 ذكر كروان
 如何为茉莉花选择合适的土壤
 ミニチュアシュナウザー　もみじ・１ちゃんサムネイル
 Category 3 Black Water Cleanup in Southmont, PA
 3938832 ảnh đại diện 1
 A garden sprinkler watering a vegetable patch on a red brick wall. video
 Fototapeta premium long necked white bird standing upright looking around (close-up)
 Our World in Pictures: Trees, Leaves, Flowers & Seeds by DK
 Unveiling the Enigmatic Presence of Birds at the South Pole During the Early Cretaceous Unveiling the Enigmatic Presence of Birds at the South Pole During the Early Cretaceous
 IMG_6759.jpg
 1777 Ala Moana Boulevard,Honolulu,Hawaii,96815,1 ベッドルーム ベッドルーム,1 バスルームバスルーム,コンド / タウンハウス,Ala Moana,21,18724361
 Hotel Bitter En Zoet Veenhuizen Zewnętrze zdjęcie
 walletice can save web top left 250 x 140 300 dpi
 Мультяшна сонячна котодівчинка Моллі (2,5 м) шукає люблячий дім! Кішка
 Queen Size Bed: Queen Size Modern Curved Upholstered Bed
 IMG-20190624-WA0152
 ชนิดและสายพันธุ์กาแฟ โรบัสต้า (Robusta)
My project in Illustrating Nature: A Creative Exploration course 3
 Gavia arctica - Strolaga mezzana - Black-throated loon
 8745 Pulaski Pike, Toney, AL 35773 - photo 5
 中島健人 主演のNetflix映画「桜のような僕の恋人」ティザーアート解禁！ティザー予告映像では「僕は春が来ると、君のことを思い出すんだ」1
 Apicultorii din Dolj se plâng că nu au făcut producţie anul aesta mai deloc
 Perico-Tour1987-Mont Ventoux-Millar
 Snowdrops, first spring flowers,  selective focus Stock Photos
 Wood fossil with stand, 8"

::::

## PROBLEM TO SOLVE
Scan the material above for the string "Black". Return each line where it occurs.

## FINISHED TASK
 Category 3 Black Water Cleanup in Southmont, PA
 Gavia arctica - Strolaga mezzana - Black-throated loon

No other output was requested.